-- RAW DATA --

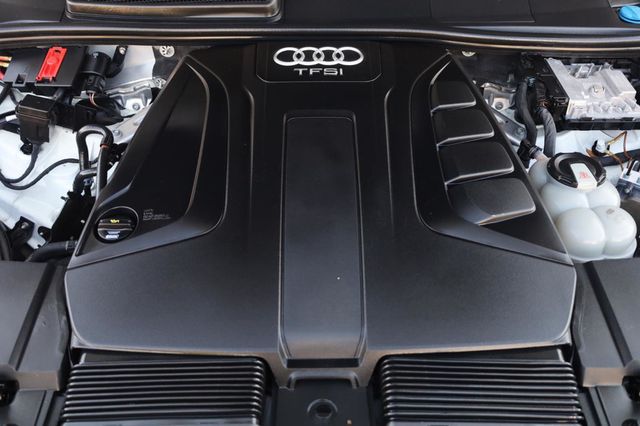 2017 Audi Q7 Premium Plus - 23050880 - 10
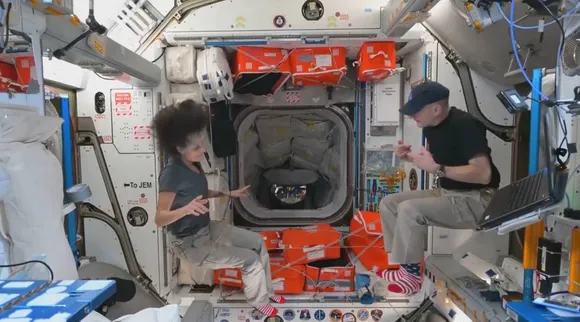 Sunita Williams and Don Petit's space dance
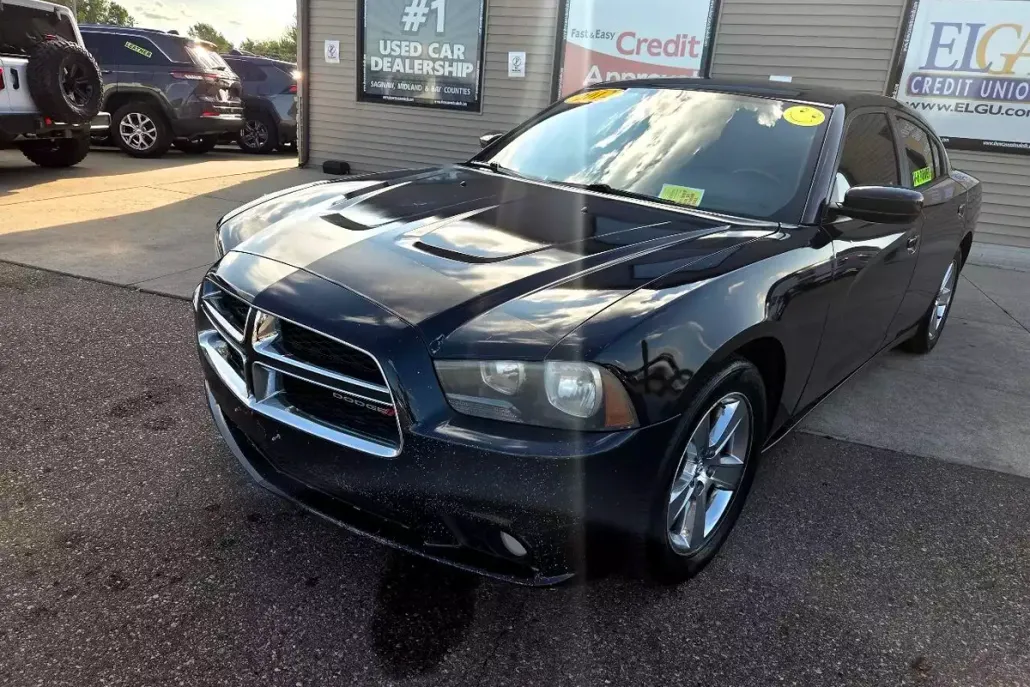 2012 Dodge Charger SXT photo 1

...

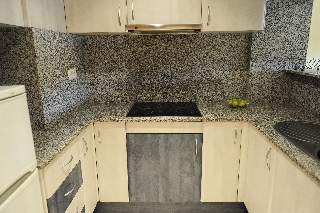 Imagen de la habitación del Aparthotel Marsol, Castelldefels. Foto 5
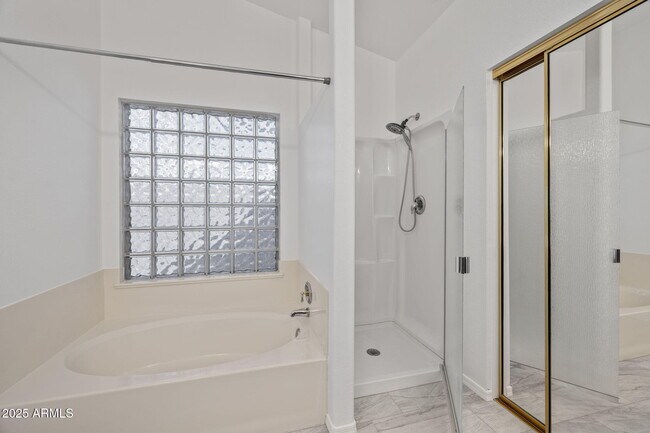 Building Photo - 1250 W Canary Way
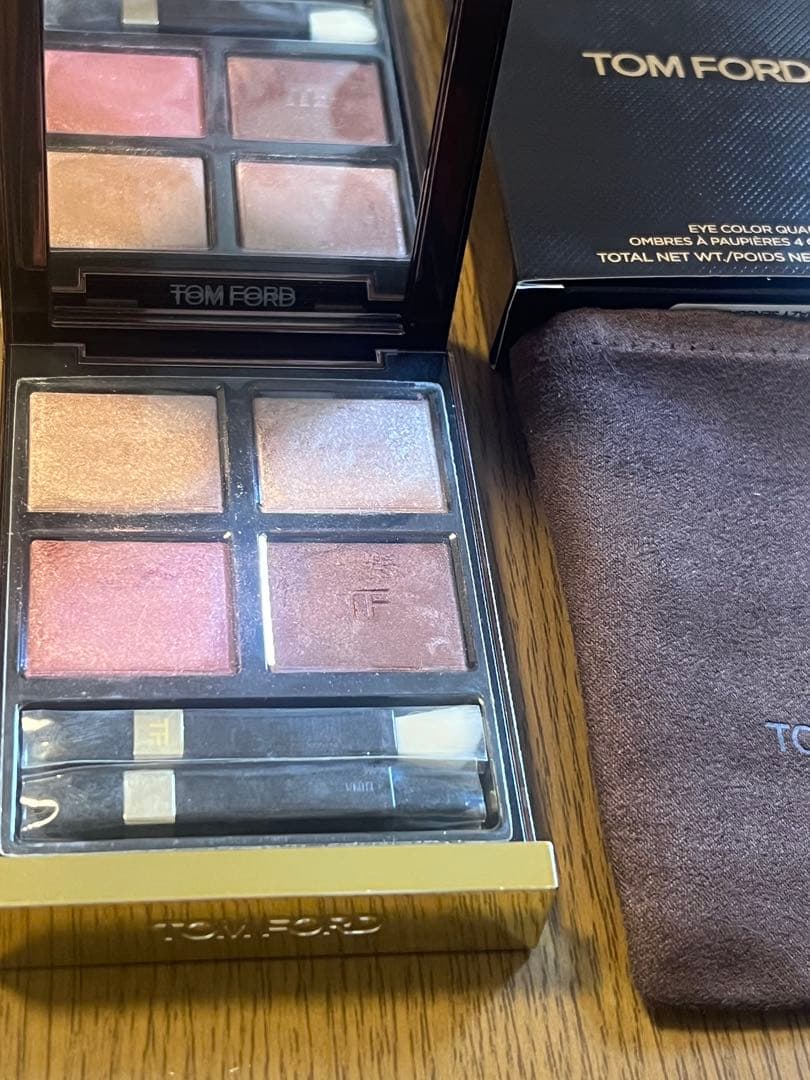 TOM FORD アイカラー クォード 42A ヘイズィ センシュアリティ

---

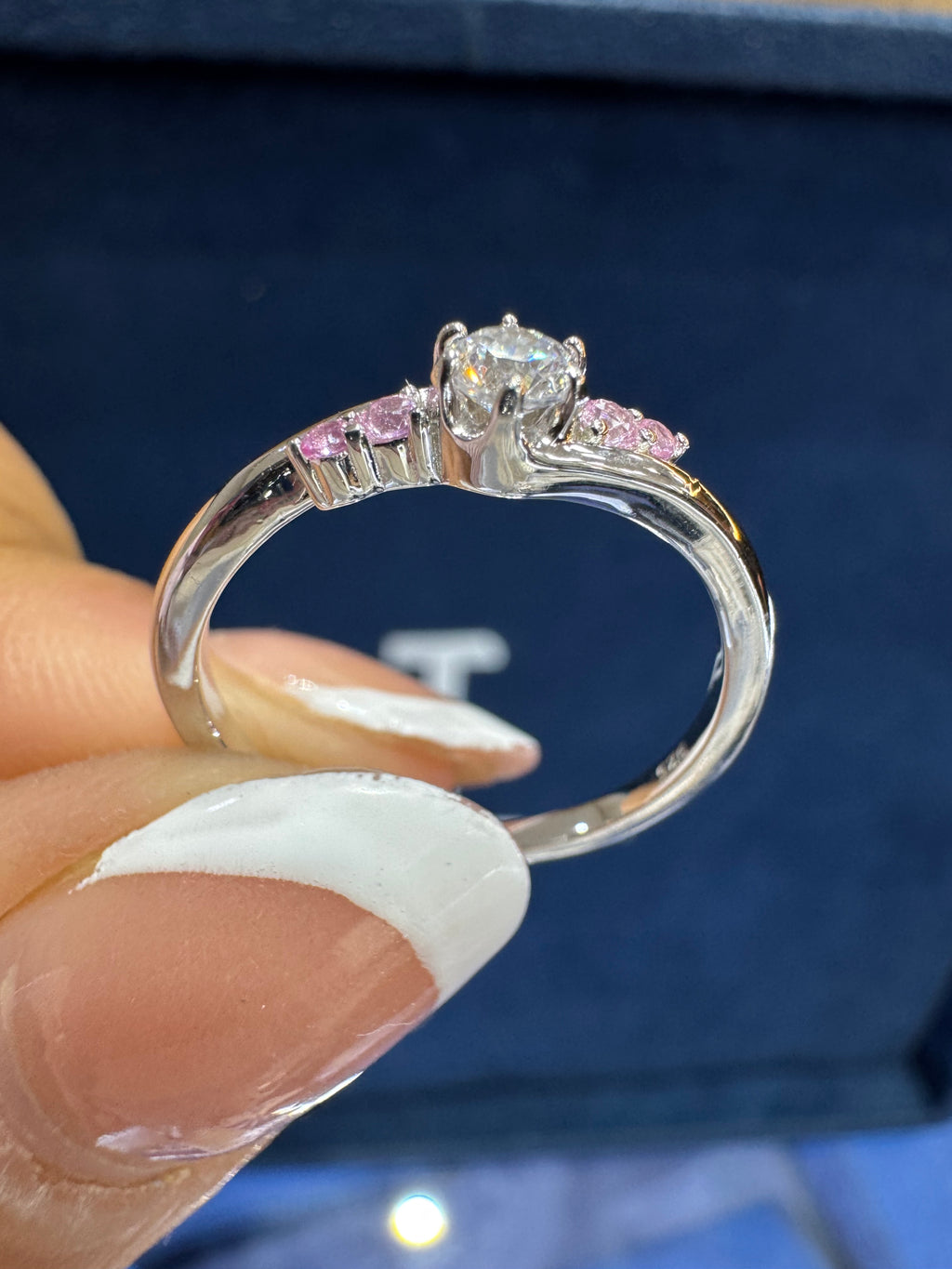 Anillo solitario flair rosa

-- EXERCISE AIM --
When you reach the line holding "Imagen de la" in the listing above, begin retyping exactly, and stop once the line holding "TOM FORD アイカラー クォード 42A ヘイズィ センシュアリティ" is done; pictures stay out.

-- TASK OUTPUT --
 Imagen de la habitación del Aparthotel Marsol, Castelldefels. Foto 5
 Building Photo - 1250 W Canary Way
 TOM FORD アイカラー クォード 42A ヘイズィ センシュアリティ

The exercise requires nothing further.